§ Task to carry out:
For this item, repeat the material exactly while omitting its pictures.

§ Data provided:

-=-=-

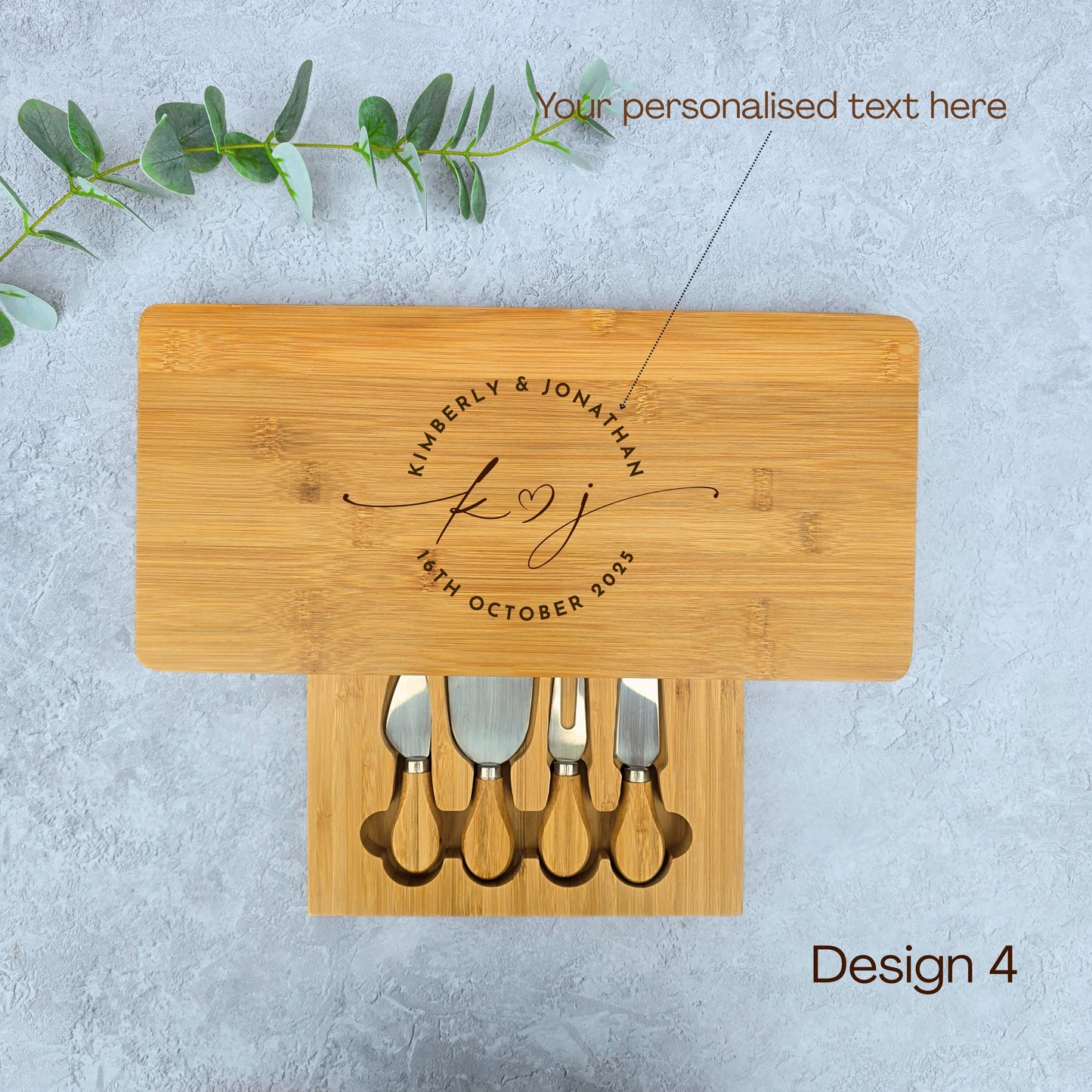Large Personalised Cheese Board Set New Home Gift
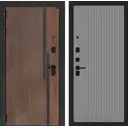 Дверь входная Лабиринт Кармина левый 205x96см цвет орех американский с патиной/серый софт рельеф с панелью П29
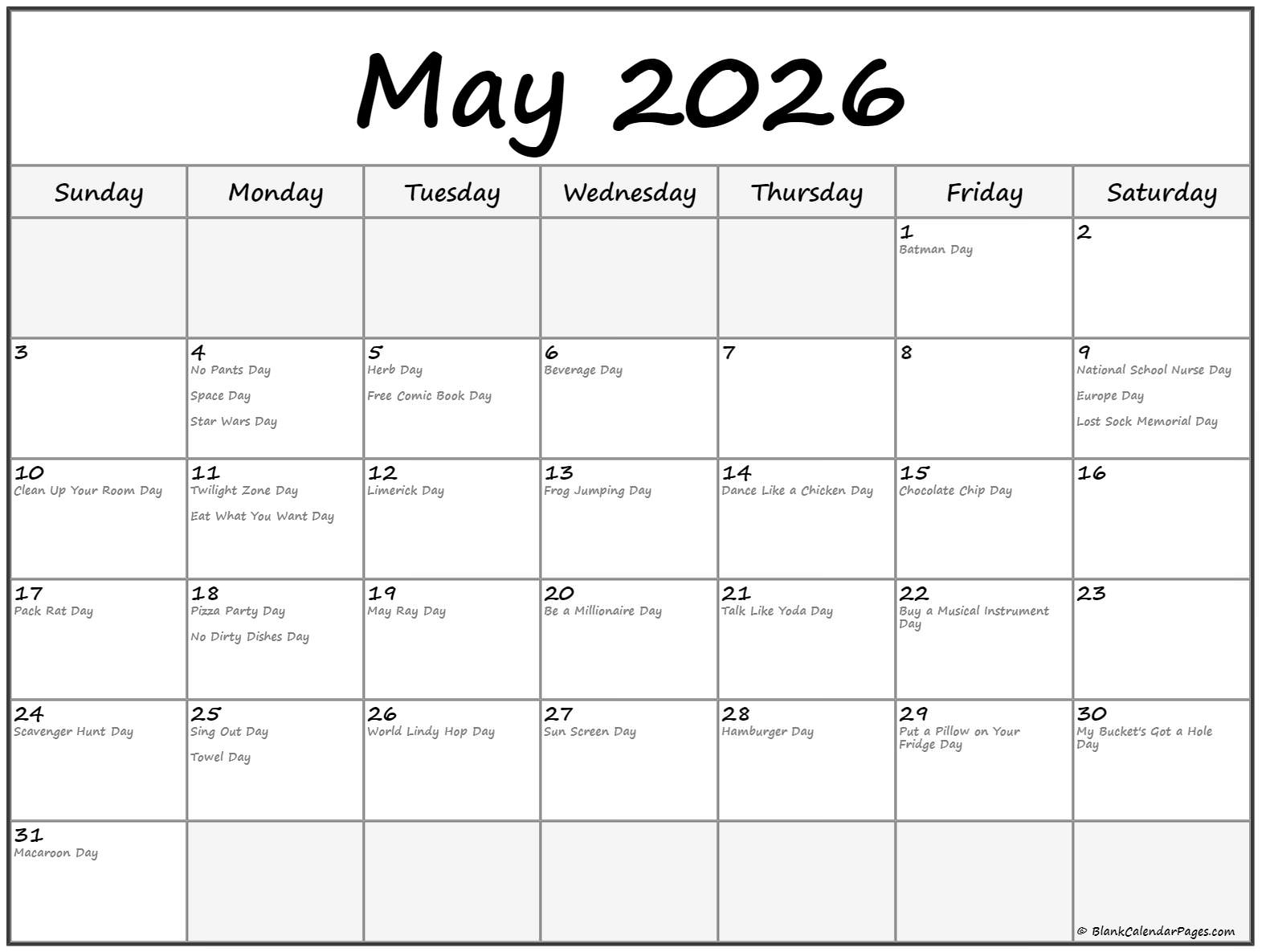 May 2026 With Holidays Calendar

-=-=-

§ Solution for this problem:
Large Personalised Cheese Board Set New Home Gift
 Дверь входная Лабиринт Кармина левый 205x96см цвет орех американский с патиной/серый софт рельеф с панелью П29
 May 2026 With Holidays Calendar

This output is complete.